Sir Andrew Green is Chairman of Migrationwatch UK.
1st January 2014 is a date that has loomed on the horizon for some time but is now just around the corner. From that day, Romanians and Bulgarians will have full access to the British labour market. Unlike 2004, when only Ireland and Sweden joined us in opening our labour force to the Poles and others, this time round fifteen smaller EU members, plus Italy, have already taken action and the remaining countries, notably Germany, Holland, France and Austria will follow suit in January. Nevertheless, the risk of a significant inflow hangs over the Government, putting at risk its immigration target.
We predict that the UK population of these two nationalities will grow by between 30,000 and 70,000 in each of the first five years, with a central estimate of 50,000. Given that these migrants can increase their take-home pay by three to nine times (depending on their family circumstances) by moving here, this does not seem an unreasonable estimate.
What is to be done? Britain is very unusual in the EU as our benefit system is, in effect, non- contributory. This, of itself, can be a “pull factor”. First of all, therefore, access to out of work benefits must be tightened. EU migrants who have not found work and have little realistic prospect of doing so should not be granted out of work benefits or housing benefit as can be the case at present.
As for in-work benefits, EU migrants should have no recourse to public funds for five years, as is the case for most other migrants.

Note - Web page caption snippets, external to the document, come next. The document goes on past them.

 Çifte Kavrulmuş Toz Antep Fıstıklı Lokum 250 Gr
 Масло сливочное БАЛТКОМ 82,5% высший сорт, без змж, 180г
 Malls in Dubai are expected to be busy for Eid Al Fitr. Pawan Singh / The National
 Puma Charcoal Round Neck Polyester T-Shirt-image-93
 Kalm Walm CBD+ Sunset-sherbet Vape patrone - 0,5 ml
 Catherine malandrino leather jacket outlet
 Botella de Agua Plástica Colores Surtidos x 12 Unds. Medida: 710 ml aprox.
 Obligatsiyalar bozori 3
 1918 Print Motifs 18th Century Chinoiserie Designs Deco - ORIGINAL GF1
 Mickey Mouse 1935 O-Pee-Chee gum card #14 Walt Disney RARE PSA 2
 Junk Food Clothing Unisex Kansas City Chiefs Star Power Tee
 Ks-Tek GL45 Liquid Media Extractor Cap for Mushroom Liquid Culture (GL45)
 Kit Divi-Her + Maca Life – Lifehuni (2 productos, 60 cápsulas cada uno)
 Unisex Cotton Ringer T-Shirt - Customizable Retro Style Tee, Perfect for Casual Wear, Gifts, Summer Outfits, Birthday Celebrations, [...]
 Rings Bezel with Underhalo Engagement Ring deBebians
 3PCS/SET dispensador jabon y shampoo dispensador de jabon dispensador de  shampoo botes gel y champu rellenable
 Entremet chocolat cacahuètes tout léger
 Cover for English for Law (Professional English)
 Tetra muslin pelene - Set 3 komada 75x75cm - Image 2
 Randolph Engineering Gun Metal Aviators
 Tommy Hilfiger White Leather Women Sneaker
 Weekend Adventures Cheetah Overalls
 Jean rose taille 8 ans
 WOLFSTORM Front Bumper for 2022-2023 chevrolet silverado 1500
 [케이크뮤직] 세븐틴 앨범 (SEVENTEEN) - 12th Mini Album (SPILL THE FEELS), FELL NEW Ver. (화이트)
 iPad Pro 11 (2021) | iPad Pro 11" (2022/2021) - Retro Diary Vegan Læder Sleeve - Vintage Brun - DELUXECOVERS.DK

This would require renegotiation of the Treaties and would be opposed, tooth and nail, by the EU Commission supported by a number of member states. The Commission are already challenging the current arrangements.
However, even if the Government was to succeed in closing off access to benefits, there are no powers to remove EU citizens unless they have been convicted of an offence which attracts a two year prison sentence. Put another way, those who come and are unable to support themselves (whatever their original intentions) cannot be forced to leave. The second priority, therefore, should be to strengthen the powers of EU member states to return such migrants to their country of origin. Proposals of this kind would surely have German, French and Dutch support, so they would be well worth pressing for.
The third issue is whether a limit could be placed on the number of those who might wish to come to work, many, if not most, of whom would be genuine. This cannot be done within the current legal framework of the EU. Theoretically, the government could impose a quota on the number of national insurance numbers issued to nationals of Romania and Bulgaria. Alternatively, they could require new workers to apply for a work permit and only admit the highly skilled. The European Commission would certainly take the Government to court and any such policies would be thrown out by the European Court of Justice, if British courts had not already done so. At best, there would be some delay and some migrants might go elsewhere instead, but it is hard to see the Coalition Government setting off on such a course.
It looks, therefore, as though the government are stuck between the rock of EU legislation and the hard place of public opinion, which is increasingly exasperated by the failure of the political class to get a grip of immigration.
It is not clear how many migrants will arrive in time to affect the immigration statistics in the period before the general election but there will certainly be two, perhaps three, full years of statistics before the EU referendum promised for 2017. If they reveal another huge inflow, and if the renegotiation has borne little fruitm the tension between restoring control of our borders and continued membership of the EU will become a critical issue. The political implications of such an outcome would be very extensive.